Nothing below is to be printed except the lines between the line holding "Hello and welcome" and the line holding "The first type", inclusive, each exactly as it appears.

[DATA TO PROCESS Boundary: Start]

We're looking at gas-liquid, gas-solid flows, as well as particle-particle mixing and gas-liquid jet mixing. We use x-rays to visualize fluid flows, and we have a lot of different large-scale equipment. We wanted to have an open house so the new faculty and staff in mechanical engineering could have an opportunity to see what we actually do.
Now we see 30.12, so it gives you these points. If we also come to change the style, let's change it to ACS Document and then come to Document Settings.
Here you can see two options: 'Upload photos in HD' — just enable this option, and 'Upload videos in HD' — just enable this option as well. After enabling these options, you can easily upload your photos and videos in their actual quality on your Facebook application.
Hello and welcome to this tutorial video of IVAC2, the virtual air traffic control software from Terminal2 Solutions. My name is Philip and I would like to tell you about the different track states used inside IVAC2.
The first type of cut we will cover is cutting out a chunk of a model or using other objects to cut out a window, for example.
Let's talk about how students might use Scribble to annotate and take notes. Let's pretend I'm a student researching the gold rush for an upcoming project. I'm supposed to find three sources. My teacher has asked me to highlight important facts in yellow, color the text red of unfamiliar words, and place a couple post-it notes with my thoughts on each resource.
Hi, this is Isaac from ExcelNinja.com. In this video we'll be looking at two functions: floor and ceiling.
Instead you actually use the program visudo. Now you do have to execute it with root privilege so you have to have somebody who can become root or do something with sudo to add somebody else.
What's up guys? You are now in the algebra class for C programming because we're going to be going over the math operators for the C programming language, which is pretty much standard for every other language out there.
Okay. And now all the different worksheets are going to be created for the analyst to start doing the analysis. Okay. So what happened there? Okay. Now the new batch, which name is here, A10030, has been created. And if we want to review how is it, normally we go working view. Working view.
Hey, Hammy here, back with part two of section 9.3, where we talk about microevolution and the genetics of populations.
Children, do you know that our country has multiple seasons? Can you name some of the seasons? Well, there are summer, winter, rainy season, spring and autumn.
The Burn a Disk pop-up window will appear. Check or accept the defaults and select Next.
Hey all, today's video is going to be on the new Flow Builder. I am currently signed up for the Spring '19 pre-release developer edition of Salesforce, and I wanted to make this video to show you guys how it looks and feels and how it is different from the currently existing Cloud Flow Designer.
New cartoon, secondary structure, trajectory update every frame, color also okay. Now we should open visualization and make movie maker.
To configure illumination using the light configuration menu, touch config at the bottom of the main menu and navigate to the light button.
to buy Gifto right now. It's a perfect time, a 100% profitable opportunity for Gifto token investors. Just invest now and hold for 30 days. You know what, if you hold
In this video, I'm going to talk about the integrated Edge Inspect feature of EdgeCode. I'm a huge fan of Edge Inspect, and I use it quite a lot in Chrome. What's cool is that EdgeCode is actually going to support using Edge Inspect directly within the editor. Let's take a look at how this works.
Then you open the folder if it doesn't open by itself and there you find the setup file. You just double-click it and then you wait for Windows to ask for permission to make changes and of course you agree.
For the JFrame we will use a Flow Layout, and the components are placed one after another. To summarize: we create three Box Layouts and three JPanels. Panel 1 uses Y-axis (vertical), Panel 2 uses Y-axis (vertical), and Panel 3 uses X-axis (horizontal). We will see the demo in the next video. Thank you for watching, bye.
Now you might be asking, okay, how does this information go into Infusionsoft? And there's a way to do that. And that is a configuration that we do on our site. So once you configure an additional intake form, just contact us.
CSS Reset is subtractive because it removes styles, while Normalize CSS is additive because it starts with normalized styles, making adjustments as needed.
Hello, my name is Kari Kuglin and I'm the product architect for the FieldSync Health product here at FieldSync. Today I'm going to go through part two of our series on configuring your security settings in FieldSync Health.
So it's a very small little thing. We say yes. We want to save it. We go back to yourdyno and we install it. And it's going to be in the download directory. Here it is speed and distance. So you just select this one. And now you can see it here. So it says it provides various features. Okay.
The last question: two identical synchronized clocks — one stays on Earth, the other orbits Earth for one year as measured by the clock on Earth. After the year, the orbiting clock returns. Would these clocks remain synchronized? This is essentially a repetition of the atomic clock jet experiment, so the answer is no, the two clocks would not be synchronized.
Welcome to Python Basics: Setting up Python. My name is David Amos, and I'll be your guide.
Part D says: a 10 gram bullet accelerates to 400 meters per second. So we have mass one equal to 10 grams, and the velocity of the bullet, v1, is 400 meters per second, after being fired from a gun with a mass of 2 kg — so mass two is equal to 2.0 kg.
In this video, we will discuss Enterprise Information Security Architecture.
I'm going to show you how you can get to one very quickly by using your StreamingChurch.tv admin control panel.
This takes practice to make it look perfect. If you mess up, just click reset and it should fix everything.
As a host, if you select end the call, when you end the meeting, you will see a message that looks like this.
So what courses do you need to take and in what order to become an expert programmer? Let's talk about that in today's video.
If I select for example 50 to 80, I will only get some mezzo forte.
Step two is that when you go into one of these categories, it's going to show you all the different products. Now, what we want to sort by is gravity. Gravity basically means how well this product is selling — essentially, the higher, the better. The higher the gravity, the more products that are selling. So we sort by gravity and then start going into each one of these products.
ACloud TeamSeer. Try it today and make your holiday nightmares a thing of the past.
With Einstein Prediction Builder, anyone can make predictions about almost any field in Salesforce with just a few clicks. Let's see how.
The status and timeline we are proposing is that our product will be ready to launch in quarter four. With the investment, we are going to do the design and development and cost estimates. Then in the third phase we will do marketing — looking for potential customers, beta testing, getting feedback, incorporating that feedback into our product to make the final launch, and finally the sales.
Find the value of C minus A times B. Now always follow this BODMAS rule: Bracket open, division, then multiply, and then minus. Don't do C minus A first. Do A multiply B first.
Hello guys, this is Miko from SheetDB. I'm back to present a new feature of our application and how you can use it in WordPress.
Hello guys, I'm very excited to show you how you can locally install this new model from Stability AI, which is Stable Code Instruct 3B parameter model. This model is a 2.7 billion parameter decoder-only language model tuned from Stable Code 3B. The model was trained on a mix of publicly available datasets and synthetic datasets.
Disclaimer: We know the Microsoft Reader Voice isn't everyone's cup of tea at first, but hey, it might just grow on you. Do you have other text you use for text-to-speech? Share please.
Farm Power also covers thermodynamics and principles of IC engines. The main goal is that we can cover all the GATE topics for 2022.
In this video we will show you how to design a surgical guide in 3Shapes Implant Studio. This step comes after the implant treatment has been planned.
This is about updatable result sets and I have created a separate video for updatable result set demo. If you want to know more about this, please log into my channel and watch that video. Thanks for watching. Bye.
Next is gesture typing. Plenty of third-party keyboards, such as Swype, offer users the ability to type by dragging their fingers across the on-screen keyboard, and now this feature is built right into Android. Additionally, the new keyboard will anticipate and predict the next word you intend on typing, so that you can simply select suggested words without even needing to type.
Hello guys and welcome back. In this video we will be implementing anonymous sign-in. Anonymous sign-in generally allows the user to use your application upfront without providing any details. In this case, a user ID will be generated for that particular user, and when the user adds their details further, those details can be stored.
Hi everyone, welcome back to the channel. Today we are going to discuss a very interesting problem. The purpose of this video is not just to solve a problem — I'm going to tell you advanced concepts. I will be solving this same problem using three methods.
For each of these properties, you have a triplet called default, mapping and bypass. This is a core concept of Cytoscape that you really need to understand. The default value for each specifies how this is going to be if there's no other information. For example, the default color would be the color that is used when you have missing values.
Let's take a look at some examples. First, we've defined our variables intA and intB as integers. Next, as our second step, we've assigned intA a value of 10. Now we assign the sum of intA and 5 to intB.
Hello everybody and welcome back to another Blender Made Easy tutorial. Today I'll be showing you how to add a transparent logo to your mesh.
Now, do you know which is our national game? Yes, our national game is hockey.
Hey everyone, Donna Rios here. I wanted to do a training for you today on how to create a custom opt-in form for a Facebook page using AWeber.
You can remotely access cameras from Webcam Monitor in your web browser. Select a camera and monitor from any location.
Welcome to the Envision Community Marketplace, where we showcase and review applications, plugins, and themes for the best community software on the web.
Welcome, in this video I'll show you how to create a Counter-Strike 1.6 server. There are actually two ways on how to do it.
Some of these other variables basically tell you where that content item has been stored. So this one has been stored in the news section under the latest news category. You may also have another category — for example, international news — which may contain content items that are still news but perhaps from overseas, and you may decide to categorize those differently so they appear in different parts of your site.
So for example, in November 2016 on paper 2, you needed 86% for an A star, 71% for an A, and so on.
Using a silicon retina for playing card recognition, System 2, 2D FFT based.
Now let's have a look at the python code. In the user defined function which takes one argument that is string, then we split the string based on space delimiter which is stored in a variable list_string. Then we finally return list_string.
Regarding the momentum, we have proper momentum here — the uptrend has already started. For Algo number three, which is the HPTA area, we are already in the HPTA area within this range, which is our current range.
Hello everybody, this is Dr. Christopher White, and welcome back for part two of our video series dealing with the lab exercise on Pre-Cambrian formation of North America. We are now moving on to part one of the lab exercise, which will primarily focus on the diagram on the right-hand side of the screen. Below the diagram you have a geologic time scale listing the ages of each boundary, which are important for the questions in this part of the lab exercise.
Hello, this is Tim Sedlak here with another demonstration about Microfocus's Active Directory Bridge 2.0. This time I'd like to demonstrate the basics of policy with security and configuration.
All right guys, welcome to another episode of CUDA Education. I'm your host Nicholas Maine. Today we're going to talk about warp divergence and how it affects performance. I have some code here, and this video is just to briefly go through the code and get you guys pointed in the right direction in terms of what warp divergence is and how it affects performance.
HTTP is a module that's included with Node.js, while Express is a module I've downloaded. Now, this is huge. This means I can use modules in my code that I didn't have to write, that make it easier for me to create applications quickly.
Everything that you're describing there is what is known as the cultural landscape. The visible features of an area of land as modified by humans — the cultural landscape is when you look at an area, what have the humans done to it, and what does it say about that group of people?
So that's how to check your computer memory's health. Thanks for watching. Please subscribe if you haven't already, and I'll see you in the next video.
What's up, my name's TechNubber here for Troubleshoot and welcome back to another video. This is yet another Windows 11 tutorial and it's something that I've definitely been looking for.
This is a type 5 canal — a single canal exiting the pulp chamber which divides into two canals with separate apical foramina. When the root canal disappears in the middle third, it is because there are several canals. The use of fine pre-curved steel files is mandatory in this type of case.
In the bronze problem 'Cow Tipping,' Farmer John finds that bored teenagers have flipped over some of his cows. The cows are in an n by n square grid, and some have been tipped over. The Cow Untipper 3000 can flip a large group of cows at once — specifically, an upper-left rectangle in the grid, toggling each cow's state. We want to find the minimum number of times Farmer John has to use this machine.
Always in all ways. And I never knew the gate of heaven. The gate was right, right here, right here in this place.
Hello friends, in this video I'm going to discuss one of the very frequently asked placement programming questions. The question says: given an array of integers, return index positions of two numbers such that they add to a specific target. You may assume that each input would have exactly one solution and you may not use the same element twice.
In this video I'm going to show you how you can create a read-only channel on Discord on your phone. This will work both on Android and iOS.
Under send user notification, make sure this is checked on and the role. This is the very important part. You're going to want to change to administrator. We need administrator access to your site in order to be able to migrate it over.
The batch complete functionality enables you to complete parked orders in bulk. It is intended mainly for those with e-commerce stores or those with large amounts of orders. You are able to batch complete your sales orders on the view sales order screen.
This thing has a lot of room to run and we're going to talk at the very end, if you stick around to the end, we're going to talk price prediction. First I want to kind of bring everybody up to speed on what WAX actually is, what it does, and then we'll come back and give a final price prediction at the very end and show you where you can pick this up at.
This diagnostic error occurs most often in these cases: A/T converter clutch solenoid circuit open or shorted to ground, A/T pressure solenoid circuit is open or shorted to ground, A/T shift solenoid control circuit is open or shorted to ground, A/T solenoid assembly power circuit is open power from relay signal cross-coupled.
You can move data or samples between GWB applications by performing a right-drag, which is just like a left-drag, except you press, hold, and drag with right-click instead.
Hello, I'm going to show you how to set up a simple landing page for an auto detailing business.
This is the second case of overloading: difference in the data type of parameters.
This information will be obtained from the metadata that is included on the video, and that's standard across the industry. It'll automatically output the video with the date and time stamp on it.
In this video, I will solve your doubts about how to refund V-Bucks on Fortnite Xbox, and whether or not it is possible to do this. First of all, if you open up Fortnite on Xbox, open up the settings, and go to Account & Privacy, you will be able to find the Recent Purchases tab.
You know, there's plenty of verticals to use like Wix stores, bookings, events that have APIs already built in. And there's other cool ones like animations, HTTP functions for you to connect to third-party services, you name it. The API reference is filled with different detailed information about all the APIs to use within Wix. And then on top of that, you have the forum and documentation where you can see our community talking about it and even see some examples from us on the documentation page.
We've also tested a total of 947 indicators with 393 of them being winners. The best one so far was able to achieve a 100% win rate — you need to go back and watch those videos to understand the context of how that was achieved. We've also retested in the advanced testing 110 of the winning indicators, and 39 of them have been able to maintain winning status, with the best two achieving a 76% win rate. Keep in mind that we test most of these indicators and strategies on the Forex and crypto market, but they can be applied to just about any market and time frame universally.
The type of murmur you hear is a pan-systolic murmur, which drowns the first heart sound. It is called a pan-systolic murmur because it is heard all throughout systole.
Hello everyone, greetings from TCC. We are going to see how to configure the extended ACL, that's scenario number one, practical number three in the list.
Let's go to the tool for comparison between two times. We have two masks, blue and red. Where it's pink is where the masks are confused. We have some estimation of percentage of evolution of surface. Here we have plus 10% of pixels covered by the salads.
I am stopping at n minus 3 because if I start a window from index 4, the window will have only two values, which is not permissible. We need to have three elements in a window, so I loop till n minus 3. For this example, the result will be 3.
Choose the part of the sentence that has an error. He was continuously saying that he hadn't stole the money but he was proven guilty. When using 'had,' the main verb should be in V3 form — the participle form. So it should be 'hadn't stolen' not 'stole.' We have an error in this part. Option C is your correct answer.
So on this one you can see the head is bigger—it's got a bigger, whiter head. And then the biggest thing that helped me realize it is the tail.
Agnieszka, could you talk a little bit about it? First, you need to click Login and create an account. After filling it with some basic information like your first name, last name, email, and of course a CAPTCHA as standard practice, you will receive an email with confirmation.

[DATA TO PROCESS Boundary: End]

> **YOUR RESPONSE**
Hello and welcome to this tutorial video of IVAC2, the virtual air traffic control software from Terminal2 Solutions. My name is Philip and I would like to tell you about the different track states used inside IVAC2.
The first type of cut we will cover is cutting out a chunk of a model or using other objects to cut out a window, for example.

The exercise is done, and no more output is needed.